While at G.E., Ronald Reagan honed his skill as the "Great Communicator," and in Sacramento, he learned how to horse trade with a Democratic majority in the legislative branch. "Herman Cain can point to his values and business, but he can't say he's ever successfully translated that politically," Hazelwood said. "Everyone forgets Ronald Reagan not only had a vision, but he also had the political skills to change the system."
These strategists raise a good point. We all like to denigrate career politicians, but they do know how to win elections. When I asked Cain if he would be willing to put some of his personal fortune into winning the 2012 Iowa caucuses -- a move some GOP strategists tell me would be needed for Cain to be viewed as viable -- he flatly answered, "No."
"The typical strategists want to give you a typical strategy for the usual suspects.
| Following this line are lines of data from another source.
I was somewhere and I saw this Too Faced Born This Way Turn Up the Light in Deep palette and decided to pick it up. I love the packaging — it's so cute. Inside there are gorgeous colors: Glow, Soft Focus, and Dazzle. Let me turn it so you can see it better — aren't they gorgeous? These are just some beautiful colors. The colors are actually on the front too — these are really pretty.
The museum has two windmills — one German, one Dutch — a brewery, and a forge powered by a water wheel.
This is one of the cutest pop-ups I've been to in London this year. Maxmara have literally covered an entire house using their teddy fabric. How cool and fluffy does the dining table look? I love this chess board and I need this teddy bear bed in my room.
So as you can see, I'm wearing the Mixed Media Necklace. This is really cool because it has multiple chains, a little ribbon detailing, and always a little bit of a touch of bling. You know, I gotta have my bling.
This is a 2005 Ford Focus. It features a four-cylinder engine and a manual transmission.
I'm not the usual suspect," he said, laughing. "There are certain fundamental things you need to do, but I've chosen to go unconventional in some ways."
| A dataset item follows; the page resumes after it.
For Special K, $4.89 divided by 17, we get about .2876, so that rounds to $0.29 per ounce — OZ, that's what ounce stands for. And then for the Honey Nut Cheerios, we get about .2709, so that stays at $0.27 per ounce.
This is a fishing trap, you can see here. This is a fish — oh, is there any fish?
Cain has had much success by being unconventional. When he took over the struggling Godfather's Pizza, parent company Pillsbury thought it was a lost cause. The conventional wisdom said to invest more money in marketing, but Cain cut the marketing budget and focused on providing the best service in the business. His move paid off, Godfather's became a success -- and Herman Cain learned he could win by doing things his own way.
Cain is aided by the fact that he is a full-spectrum conservative with solid fiscal and social credentials. Christian conservatives love him, but unlike, say Mike Huckabee, who excited social conservatives but alienated fiscal conservatives, Cain also has solid economic credentials. The Club for Growth (an influential organization of economic conservatives -- a group Huckabee once called "The Club for Greed") endorsed Cain for senate in 2004. Cain is also close with fiscal conservative, and two-time presidential candidate, Steve Forbes.
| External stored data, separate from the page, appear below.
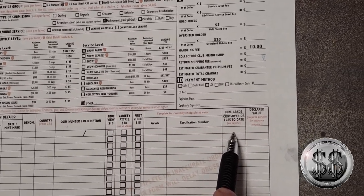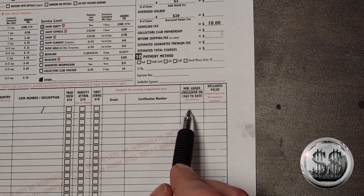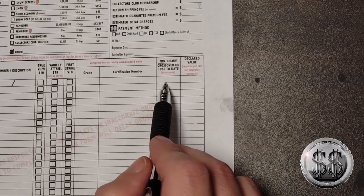The section marked 'complete for currently encapsulated coins' doesn't apply — this coin isn't currently encapsulated, so ignore the grade and certificate number fields and minimum grade crossover. For minimum grade, I'd argue you should always leave that blank because you're already paying for it. If you put a minimum grade of 69 or 70 and the coin comes back as a 68, it goes into a body bag — not encapsulated. You'd save five bucks, but why go to all this trouble and not get it encapsulated?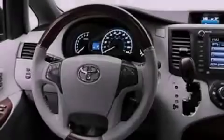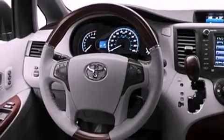Its top features include a navigation system, a rearview camera, traction control and stability control systems.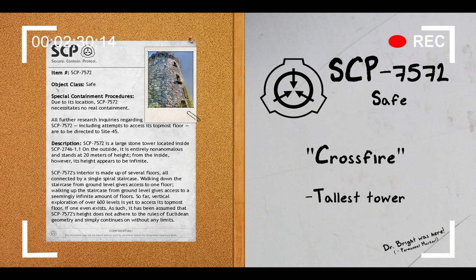Addendum 7572-1: Lists of SCP-7572 floors. Following several explorations of the exterior, a full record of the 627 floors which have so far been explored was created. Below attached is an abridged list of the ones which have been deemed the most important for further research. Here we have the floor number and a description.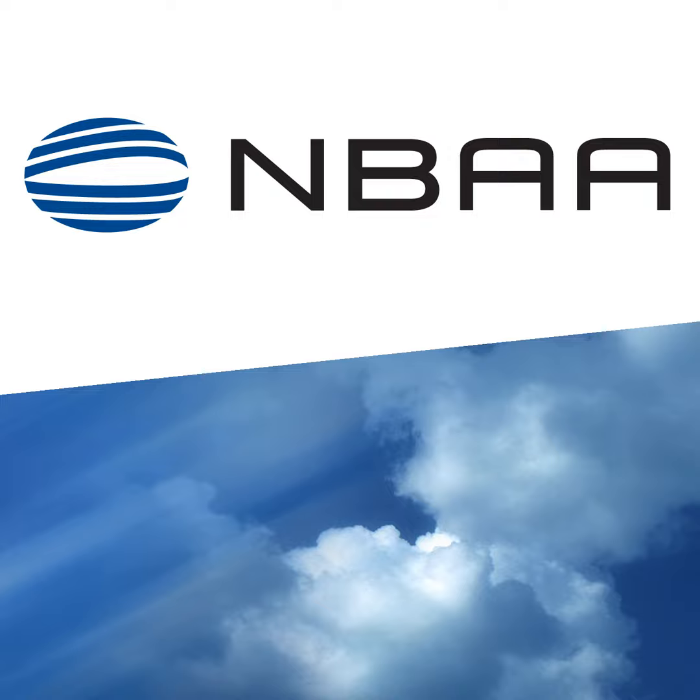We're back with the FAA's Rob Reckert and Brian Kester with NBAA, discussing the Pilot Records Database. Rob, with the deadline for pilots required to register with the PRD already passed, what would you say to those who still haven't registered, particularly with December 8th right around the corner?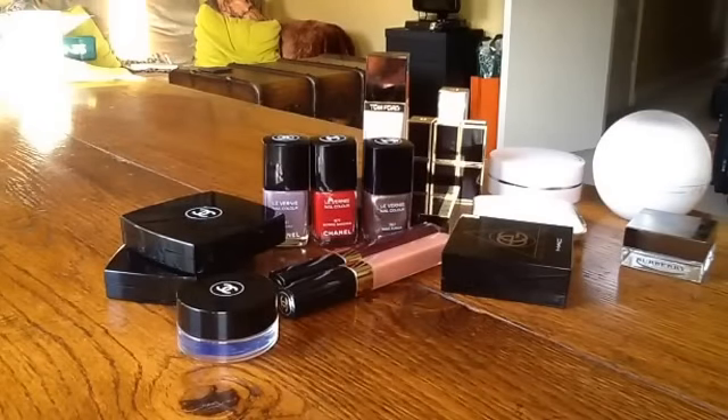Those were my favourites for 2015. I can't wait for the spring collections coming out any day now. I'll speak to you soon. Bye for now.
If Cain does decide to run, some are sure to compare him to Alan Keyes, another African-American Republican who ran quixotically for president in 2000. This would be a faulty analogy, almost as off-base as Bill Clinton's comparison
of Barack Obama to Jesse Jackson. Most serious conservatives have long considered Keyes a fringe candidate. Cain, conversely, has actually gained credibility in recent years.
My guess is that Cain will run. I'm skeptical about his chances of winning, but I'm bullish about his odds of surprising a lot of people with a strong showing. Every cycle, a select few among the candidates emerge from the presidential scrums with their reputations enhanced. And who knows? Maybe Republicans will decide it takes the former Godfather's boss to take on a political machine some refer to as, "The Chicago Way."